Playful, elegant, and not above the judicious use of the word “shit."

Hot drinks are not for the belly

A few months after I was baptized into the Mormon Church I was at a friend’s house hanging out when she offered me a taste of her drink. I was eight-years-old at the time and had just been cleansed of all my sins, leaving them in the baptismal font to be drained into the ether. My friend was Catholic and she knew that Mormons were forbidden to drink coffee or tea, and she thought it would be funny to try and trick me into drinking her tea.

I thought she was offering me a taste of her Coke, which would have been fine because Mormons can drink Coke and Pepsi and other caffeinated beverages because the scriptures don’t specifically say, “Thou shalt not consume Coca-Cola or any product alike thereof.” It’s a great loophole, and that’s why many Mormons are addicted to Diet Coke and can feel safe in their righteousness.

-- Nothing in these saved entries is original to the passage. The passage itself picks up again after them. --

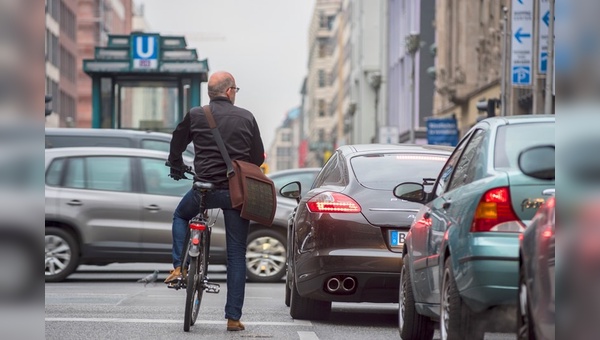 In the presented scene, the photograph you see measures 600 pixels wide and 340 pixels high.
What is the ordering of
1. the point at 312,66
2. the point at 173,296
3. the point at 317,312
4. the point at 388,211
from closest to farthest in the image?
the point at 388,211 → the point at 317,312 → the point at 173,296 → the point at 312,66

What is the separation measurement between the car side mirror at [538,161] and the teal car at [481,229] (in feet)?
3.44

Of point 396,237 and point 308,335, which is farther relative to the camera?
point 396,237

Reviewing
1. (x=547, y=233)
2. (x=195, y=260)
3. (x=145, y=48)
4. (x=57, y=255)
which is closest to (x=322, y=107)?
(x=145, y=48)

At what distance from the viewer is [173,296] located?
49.3 feet

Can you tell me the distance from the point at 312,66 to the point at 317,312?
179464mm

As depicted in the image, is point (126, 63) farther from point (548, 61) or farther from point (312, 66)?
point (312, 66)

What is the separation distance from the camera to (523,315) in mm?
5574

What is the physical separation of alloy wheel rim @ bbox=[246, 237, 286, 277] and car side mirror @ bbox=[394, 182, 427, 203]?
32.2ft

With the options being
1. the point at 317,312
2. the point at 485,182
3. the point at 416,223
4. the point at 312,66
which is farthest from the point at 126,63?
the point at 312,66

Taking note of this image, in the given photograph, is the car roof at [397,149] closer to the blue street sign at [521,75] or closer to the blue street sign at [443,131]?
the blue street sign at [521,75]

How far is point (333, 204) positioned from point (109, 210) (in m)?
7.59

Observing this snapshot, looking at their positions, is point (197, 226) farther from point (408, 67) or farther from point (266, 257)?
point (408, 67)

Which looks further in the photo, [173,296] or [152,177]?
[152,177]

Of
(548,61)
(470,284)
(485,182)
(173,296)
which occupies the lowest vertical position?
(173,296) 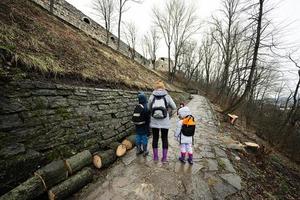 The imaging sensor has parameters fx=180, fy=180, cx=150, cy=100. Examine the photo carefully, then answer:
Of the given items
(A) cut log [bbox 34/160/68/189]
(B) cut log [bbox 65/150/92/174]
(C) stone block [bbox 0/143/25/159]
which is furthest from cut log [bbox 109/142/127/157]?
(C) stone block [bbox 0/143/25/159]

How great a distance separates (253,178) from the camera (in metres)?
4.16

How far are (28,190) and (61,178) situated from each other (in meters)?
0.59

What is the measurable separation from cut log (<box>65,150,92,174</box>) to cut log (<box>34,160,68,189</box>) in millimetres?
114

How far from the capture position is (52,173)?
309 cm

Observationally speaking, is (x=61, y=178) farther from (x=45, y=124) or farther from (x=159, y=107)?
(x=159, y=107)

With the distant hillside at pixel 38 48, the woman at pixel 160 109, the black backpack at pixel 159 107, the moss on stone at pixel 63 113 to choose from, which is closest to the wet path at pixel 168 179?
the woman at pixel 160 109

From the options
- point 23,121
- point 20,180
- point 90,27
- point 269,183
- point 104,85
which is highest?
point 90,27

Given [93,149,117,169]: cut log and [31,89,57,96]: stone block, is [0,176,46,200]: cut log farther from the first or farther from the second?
[31,89,57,96]: stone block

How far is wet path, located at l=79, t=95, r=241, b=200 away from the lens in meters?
3.30

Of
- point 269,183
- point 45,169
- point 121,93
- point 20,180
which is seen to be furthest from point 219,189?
point 121,93

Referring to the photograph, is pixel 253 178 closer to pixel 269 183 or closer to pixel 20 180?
pixel 269 183

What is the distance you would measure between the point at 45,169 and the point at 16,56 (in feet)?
7.09

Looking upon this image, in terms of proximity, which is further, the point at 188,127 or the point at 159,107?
the point at 188,127

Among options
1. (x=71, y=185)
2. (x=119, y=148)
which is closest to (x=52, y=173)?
(x=71, y=185) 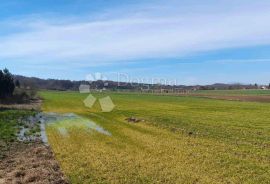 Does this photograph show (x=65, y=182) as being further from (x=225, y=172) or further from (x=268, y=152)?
(x=268, y=152)

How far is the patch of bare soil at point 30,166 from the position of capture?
16438 mm

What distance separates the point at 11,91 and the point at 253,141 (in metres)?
72.9

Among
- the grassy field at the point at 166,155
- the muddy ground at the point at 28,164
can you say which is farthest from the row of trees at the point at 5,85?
the muddy ground at the point at 28,164

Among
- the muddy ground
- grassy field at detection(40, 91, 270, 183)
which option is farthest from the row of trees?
the muddy ground

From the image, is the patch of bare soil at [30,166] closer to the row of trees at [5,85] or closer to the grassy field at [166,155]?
the grassy field at [166,155]

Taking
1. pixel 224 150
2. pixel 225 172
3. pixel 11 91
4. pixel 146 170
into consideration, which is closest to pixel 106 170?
pixel 146 170

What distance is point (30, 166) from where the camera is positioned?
63.5ft

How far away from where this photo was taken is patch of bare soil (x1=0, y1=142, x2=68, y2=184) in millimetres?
16438

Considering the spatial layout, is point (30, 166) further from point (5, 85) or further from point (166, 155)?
point (5, 85)

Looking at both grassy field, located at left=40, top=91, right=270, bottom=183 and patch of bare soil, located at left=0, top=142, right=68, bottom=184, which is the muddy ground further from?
grassy field, located at left=40, top=91, right=270, bottom=183

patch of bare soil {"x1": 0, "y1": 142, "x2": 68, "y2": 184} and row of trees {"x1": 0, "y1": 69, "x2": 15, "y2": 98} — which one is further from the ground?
row of trees {"x1": 0, "y1": 69, "x2": 15, "y2": 98}

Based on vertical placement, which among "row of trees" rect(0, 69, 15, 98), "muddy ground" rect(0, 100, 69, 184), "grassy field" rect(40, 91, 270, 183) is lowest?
"muddy ground" rect(0, 100, 69, 184)

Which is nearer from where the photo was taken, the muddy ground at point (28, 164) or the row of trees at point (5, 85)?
the muddy ground at point (28, 164)

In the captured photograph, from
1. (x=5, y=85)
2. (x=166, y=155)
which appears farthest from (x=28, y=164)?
(x=5, y=85) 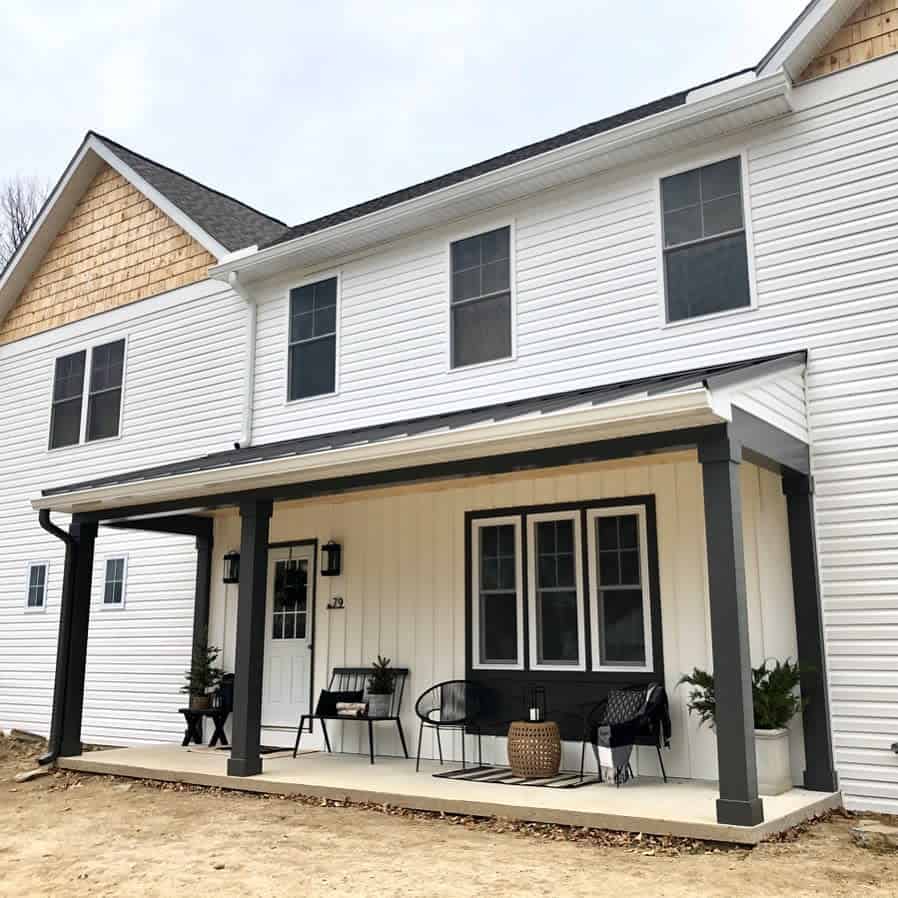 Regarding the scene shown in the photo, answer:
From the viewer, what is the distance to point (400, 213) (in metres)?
9.38

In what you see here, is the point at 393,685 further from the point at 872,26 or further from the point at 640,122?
the point at 872,26

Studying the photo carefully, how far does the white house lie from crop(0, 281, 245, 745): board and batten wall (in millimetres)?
43

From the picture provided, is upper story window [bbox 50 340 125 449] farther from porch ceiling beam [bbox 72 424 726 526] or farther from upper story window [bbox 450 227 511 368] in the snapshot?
upper story window [bbox 450 227 511 368]

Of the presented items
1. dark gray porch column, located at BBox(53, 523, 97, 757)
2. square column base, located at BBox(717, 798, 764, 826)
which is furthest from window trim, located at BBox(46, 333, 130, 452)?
square column base, located at BBox(717, 798, 764, 826)

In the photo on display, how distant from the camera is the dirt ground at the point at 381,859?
188 inches

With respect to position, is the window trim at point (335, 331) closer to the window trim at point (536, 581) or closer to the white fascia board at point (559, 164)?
the white fascia board at point (559, 164)

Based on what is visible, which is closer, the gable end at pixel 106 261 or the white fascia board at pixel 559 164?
the white fascia board at pixel 559 164

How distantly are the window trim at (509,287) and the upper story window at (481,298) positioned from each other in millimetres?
22

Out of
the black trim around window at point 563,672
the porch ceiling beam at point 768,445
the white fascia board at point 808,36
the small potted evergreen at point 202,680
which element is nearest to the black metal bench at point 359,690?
the black trim around window at point 563,672

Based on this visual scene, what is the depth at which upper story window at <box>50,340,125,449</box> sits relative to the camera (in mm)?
12242

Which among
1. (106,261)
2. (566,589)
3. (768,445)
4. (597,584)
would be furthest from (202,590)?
(768,445)

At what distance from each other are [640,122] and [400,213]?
2.61 metres

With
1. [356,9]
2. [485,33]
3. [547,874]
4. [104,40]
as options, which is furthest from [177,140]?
[547,874]

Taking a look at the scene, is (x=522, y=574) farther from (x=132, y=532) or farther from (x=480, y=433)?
(x=132, y=532) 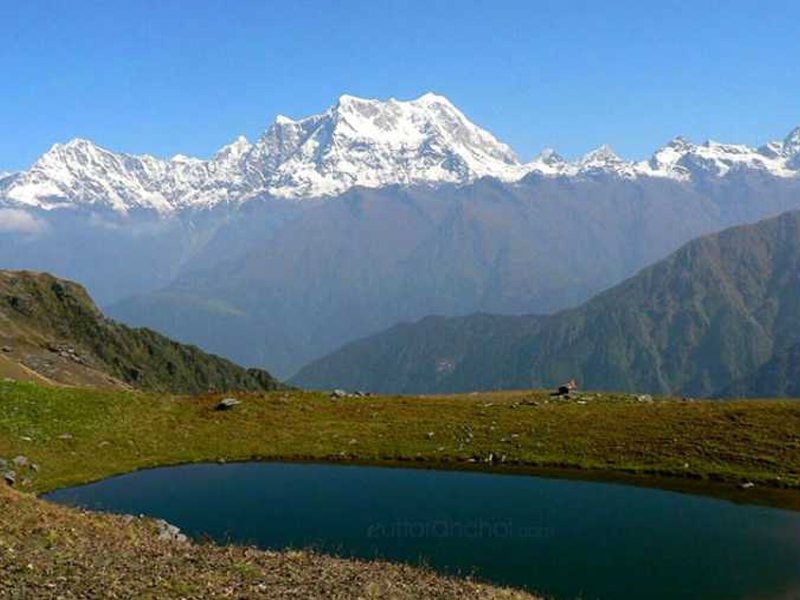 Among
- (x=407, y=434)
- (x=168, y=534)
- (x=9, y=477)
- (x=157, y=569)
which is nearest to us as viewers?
(x=157, y=569)

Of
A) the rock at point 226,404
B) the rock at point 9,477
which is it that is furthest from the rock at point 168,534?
the rock at point 226,404

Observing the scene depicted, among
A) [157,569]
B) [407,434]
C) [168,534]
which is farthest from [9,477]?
[407,434]

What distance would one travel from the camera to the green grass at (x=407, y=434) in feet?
217

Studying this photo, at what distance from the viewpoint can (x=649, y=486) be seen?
62.3 m

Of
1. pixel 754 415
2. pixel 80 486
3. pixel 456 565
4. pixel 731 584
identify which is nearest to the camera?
pixel 731 584

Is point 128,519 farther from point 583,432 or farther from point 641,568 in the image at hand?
point 583,432

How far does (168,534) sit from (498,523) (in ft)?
72.6

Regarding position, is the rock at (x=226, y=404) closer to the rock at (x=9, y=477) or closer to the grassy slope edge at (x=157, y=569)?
the rock at (x=9, y=477)

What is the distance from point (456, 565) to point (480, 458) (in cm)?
2734

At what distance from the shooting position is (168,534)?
4284 centimetres

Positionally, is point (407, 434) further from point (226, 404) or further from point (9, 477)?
point (9, 477)

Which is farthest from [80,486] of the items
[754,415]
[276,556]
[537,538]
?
[754,415]

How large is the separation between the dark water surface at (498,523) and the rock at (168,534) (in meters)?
3.25

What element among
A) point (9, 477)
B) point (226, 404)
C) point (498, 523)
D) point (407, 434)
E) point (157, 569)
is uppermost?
point (226, 404) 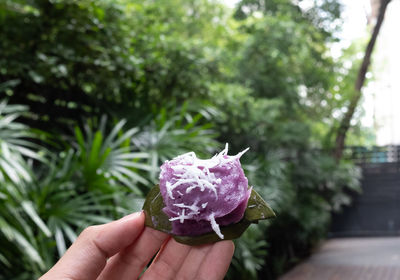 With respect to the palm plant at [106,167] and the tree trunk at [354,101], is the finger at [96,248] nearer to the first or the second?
the palm plant at [106,167]

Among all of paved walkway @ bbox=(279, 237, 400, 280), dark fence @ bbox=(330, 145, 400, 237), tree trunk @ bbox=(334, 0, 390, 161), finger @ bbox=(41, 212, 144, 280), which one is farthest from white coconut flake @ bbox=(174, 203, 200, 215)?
dark fence @ bbox=(330, 145, 400, 237)

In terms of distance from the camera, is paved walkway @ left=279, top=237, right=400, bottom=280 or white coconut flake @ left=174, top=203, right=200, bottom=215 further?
paved walkway @ left=279, top=237, right=400, bottom=280

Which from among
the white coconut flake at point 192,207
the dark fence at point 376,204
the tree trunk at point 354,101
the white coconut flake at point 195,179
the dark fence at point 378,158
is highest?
the white coconut flake at point 195,179

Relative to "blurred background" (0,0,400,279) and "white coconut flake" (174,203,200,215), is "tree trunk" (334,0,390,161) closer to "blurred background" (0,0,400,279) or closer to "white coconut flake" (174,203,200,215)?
"blurred background" (0,0,400,279)

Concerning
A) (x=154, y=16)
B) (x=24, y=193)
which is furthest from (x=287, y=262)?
(x=24, y=193)

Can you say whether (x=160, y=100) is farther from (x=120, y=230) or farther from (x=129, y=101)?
(x=120, y=230)

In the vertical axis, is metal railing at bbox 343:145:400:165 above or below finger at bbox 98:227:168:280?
below

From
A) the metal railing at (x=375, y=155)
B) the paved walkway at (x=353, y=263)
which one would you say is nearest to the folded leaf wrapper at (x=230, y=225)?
the paved walkway at (x=353, y=263) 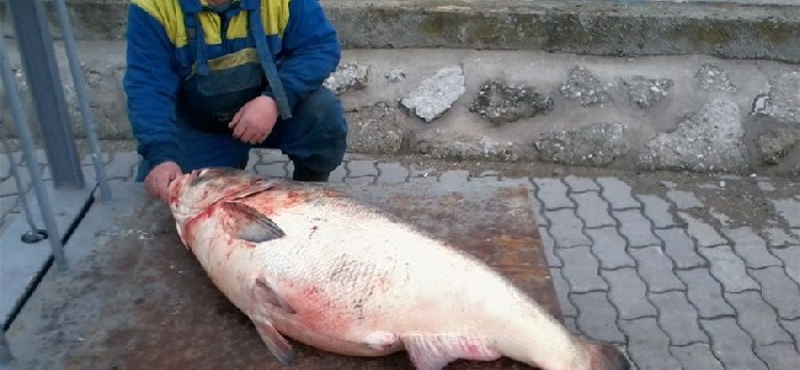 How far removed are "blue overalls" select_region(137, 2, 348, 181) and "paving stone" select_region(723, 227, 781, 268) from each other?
1.70m

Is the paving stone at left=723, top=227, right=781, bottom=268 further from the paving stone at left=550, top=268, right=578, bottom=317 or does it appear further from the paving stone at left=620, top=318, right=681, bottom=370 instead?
the paving stone at left=550, top=268, right=578, bottom=317

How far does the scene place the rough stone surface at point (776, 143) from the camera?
428 centimetres

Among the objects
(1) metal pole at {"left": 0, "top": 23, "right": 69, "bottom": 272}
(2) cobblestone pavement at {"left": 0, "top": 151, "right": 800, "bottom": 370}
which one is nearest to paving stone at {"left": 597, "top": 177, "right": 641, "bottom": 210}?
(2) cobblestone pavement at {"left": 0, "top": 151, "right": 800, "bottom": 370}

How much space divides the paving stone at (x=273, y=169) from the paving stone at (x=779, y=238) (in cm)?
216

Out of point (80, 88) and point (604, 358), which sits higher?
point (80, 88)

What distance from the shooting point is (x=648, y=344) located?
319cm

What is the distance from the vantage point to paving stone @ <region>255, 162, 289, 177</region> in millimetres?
4277

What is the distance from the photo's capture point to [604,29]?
166 inches

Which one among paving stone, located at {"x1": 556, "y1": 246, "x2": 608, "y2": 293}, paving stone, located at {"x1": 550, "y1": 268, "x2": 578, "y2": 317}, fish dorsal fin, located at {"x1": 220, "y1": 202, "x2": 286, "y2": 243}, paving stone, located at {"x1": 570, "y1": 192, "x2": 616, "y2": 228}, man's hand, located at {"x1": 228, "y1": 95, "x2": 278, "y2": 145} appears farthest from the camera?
paving stone, located at {"x1": 570, "y1": 192, "x2": 616, "y2": 228}

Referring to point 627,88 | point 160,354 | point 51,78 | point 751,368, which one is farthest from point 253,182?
point 627,88

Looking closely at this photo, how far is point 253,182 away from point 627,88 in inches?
94.7

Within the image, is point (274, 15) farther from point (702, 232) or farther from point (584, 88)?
point (702, 232)

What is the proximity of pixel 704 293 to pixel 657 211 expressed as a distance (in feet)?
2.10

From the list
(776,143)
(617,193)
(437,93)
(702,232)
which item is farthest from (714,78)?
(437,93) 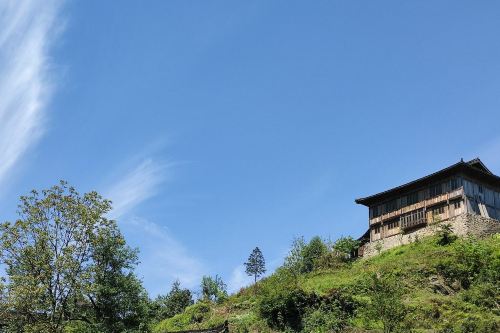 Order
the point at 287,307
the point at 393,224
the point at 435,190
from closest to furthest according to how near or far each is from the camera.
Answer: the point at 287,307, the point at 435,190, the point at 393,224

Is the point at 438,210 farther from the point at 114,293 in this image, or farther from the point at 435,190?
the point at 114,293

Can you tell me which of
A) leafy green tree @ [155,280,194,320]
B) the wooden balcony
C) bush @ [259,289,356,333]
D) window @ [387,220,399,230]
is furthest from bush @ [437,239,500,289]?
leafy green tree @ [155,280,194,320]

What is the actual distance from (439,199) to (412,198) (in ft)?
11.0

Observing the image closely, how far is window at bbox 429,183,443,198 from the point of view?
56812mm

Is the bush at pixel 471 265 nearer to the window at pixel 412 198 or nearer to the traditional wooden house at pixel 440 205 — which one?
the traditional wooden house at pixel 440 205

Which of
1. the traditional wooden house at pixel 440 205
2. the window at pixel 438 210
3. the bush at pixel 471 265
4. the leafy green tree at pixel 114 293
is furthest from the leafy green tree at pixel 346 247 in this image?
the leafy green tree at pixel 114 293

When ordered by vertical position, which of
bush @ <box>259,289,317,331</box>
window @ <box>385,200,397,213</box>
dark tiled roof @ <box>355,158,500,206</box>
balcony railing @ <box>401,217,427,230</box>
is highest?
dark tiled roof @ <box>355,158,500,206</box>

So I took a giant swig of her tea, thinking it was Coke, and the moment that tea hit my tongue I knew that what I was putting into my body was strictly forbidden by the Lord. And for the next several months of my life all I could think about was how I had drunk that tea AFTER I had been baptized, and why couldn’t I have done it BEFORE so that the sin would have been be washed away and not just sitting there on my conscience pushing me into my grave and straight into Hell.

I still haven’t repented of that sin.